DEV Community

Discussion on: How would you create a translator app?

Collapse
 
dmfay profile image
Dian Fay

If I had to do this and NLP were out of the question, I'd start by tokenizing input text at the sentence and word level to get an array of arrays of words. Next task is to identify each word, which is monumentally tricky for a few reasons:

  • tenses, plurals, possessives, conjugations, and declensions all affect spelling
  • the input data isn't necessarily coming from a perfect typist
  • homographs exist

Taking as given the existence of lookup tables for all these combinations (Wiktionary is a godsend), the problem of no or multiple matches can be at least approached by introducing a confidence factor. Exact match = 100% confidence. n matches = 100/n % confidence each. No matches, and things get fun: I'd start by searching the lookup tables for similar values using the Levenshtein distance algorithm, factoring the distance and perhaps word length into match confidence.

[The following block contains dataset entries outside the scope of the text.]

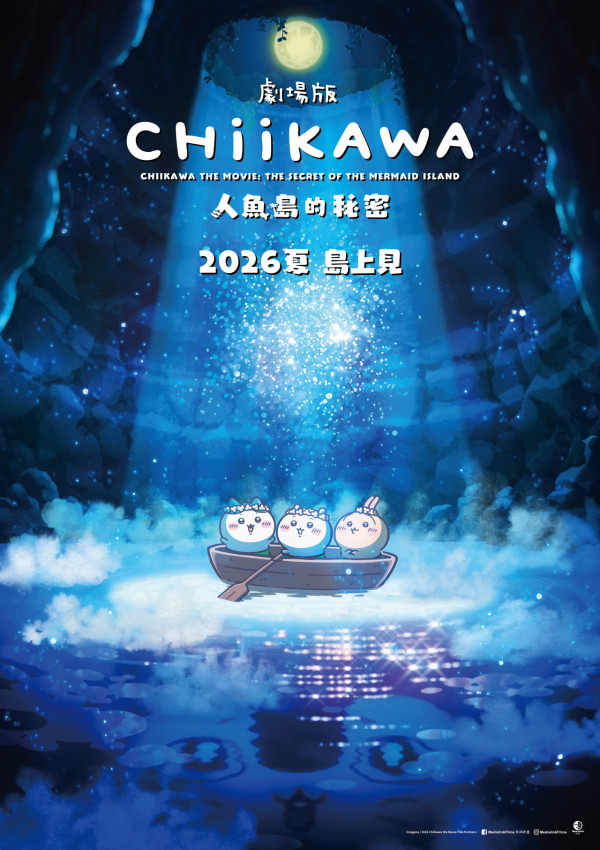 大家樂聯乘CHIIKAWA劇場版人魚島的秘密！買指定套餐即送限定週邊／1招免費換戲飛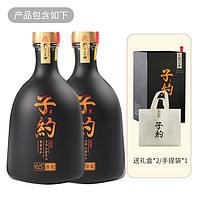 子约 孔府家酒·子约65度原浆白酒浓香型粮食酒500ml*2白酒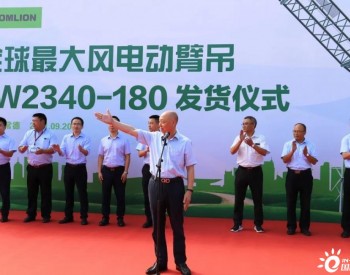 全球最大風電動臂吊發貨！助力中原地區4.5MW大風機吊裝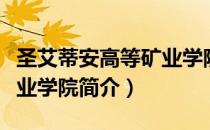 圣艾蒂安高等矿业学院（关于圣艾蒂安高等矿业学院简介）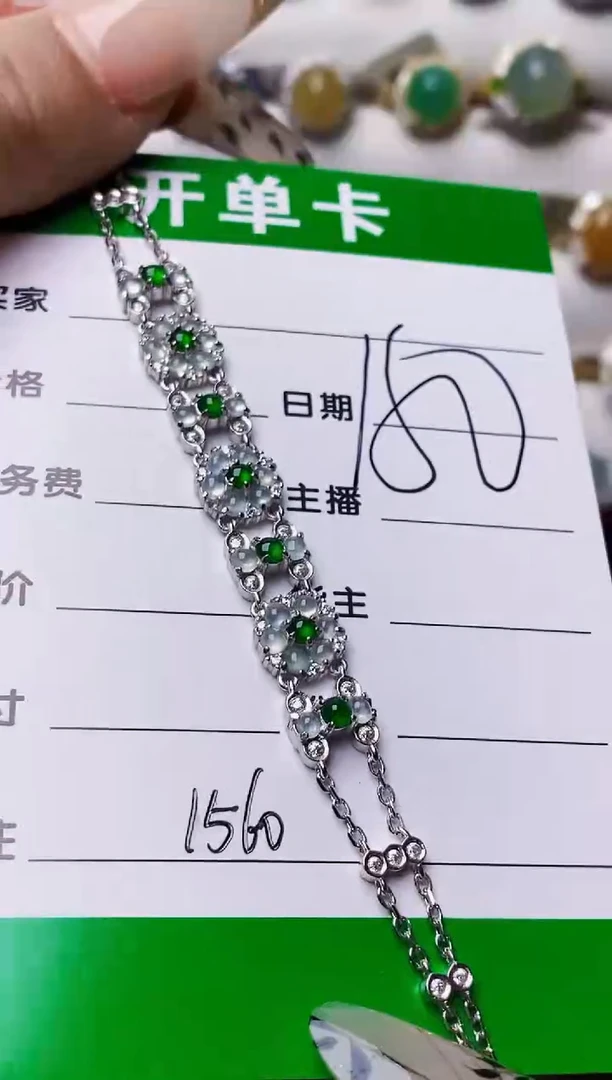 银S925镶嵌戒指翡翠1560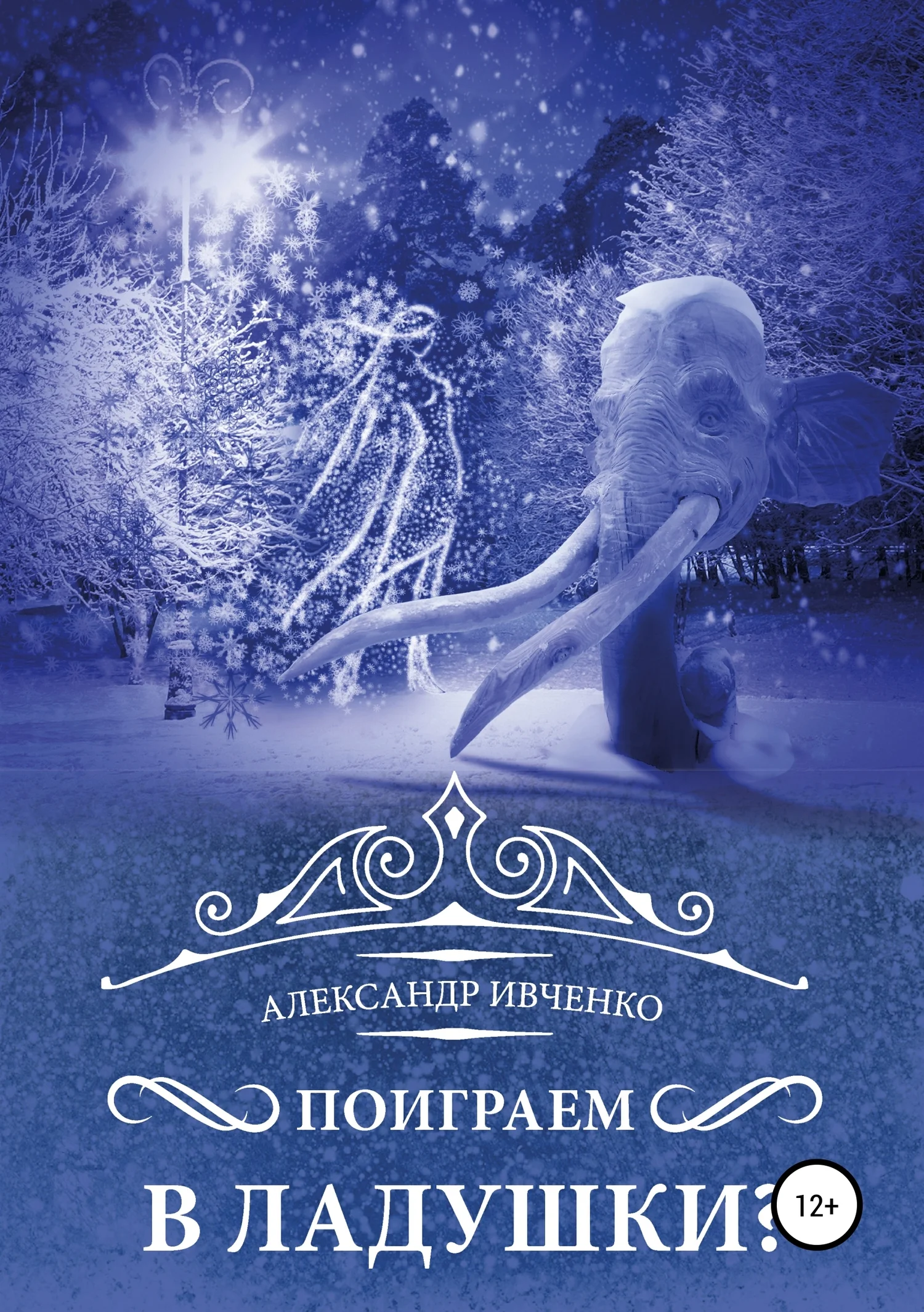 Обложка Поиграем в ладушки?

Result so far is an array of (arrays of (arrays of [match, confidence] tuples) word-candidates) sentences. And this is probably about where I'd give up on going it alone, because the next step is teaching a computer grammar in both the origin and target languages in order to assign each word a position and part of speech in a mappable sentence structure. That's not even an NLP question, it's a "dedicate your entire career to scratching the surface" question -- just ask Noam Chomsky!